Justice for Myanmar (JFM), kelompok aktivis bawah tanah yang mendorong terbentuknya negara federal Myanmar yang adil dan damai, menyoroti dukungan negara-negara ASEAN seperti Thailand dan Vietnam, terhadap junta militer. Jenderal Senior Myanmar Min Aung Hlaing disebut memiliki hubungan erat dengan Perdana Menteri Thailand Prayut Chan-o-Cha.
Juru Bicara JFM Yadanar Maung kepada Majalah Tempo pada Jumat, 3 Februari 2023, mengatakan, setelah kudeta di Myanmar, Prayut dan Min Aung menjalin kontak dengan saluran belakang. Utusan Thailand untuk Myanmar disebut telah menyatakan akan menentang sanksi terhadap Myanmar.
Yadanar memaparkan, angkatan bersenjata Vietnam juga memiliki kepentingan bisnis dan militer dengan Myanmar. Mereka bersama-sama mengoperasikan Mytel, jaringan telekomunikasi Myanmar dengan nilai investasi lebih dari US$1,5 miliar atau sekitar Rp 22,7 triliun.
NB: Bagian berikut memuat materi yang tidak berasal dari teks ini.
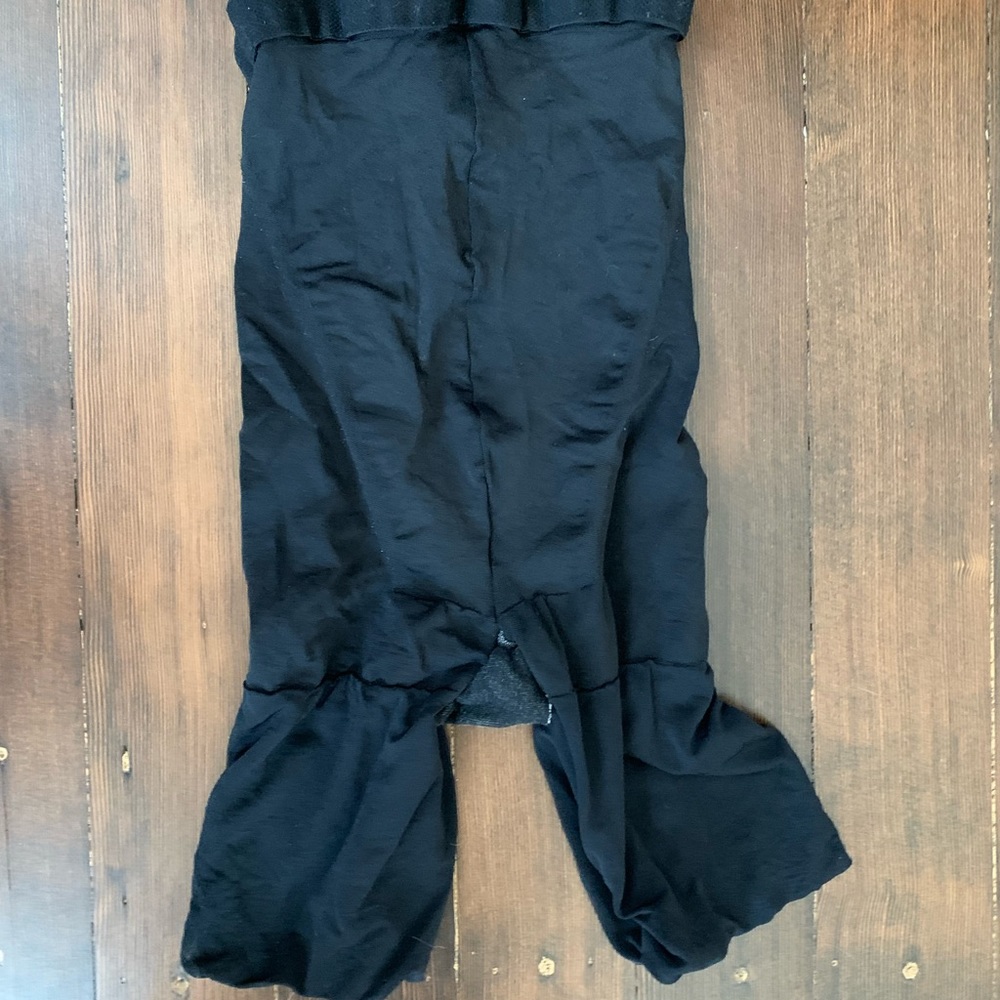 SPANX mid thigh shorts - size A - black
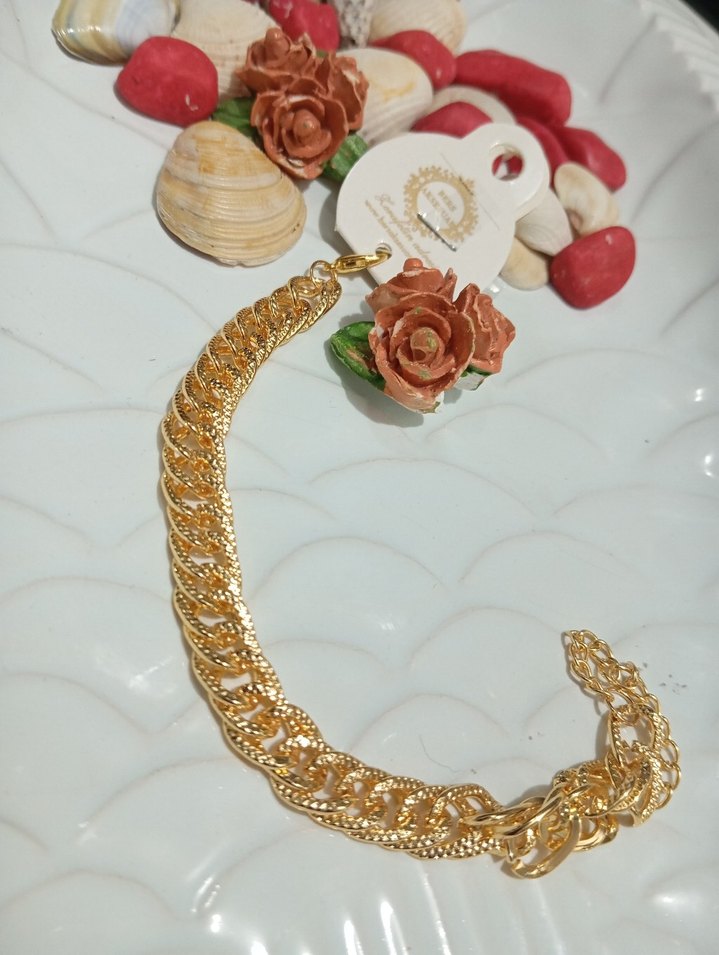 Zincir Detaylı Parlak Altın Kadın El Zinciri - Görsel 4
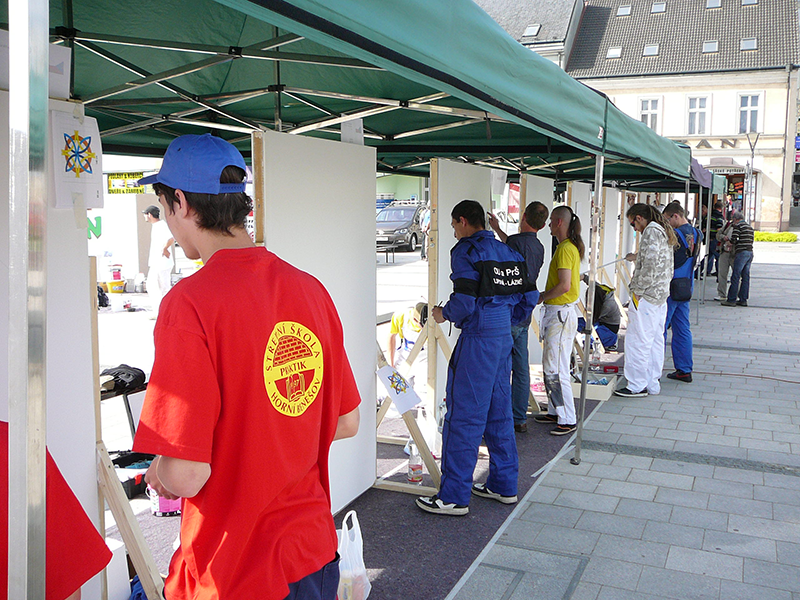 BARVY A LAKY TELURIA podpořila mladé malíře
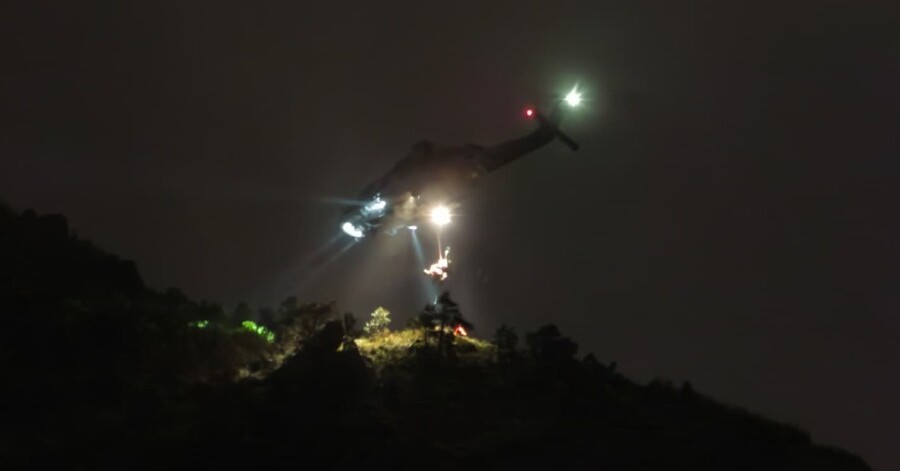 Off Duty Ambulance Crews Rescued After Kowloon Peak Fall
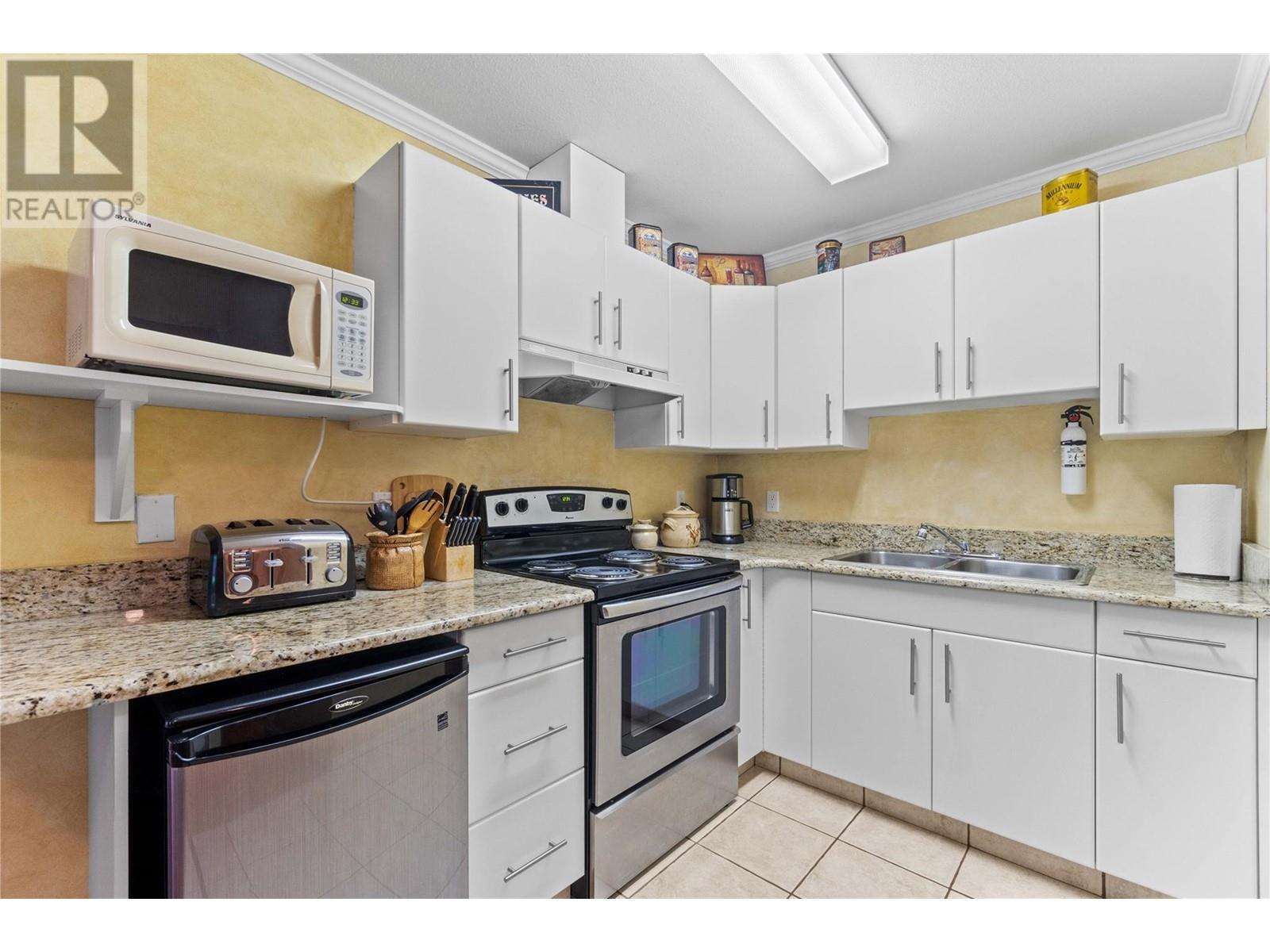 2847 Walsh Road. Sorrento, British Columbia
Lina memahami, perbedaan sikap mengenai Myanmar di tubuh ASEAN bukan lagi menjadi rahasia. Namun, dia mencatat, perbincangan jujur dan blak-blakan mengenai masalah Myanmar jangan berhenti di pertemuan menteri seperti pada akhir pekan lalu. Indonesia, menurutnya, perlu terus mengkoordinasikan masalah ini dengan anggota kunci seperti Thailand dan Singapura.
“Apakah Indonesia memakai strategi A, Thailand B, anggota lain bagaimana, tetapi itu tidak saling berlawanan, dan justru saling melengkapi. Masing-masing punya pengaruh kan,” katanya.
Retno mengakui isu Myanmar ini sulit diselesaikan dalam satu tahun keketuaan ASEAN. Namun di kesempatan lain, dia meyakinkan blok tetap satu suara untuk mengatasi krisis.
Merujuk pada kesadaran itu, Lina mengatakan, Indonesia dalam masa satu tahun presidensi dapat membentuk peta jalan ASEAN ke depan, yang memungkinkan satu pendekatan itu dapat diteruskan oleh ketua selanjutnya. “Itu cukup harusnya, jadi usaha Indonesia membentuk dasarnya fondasinya,” katanya.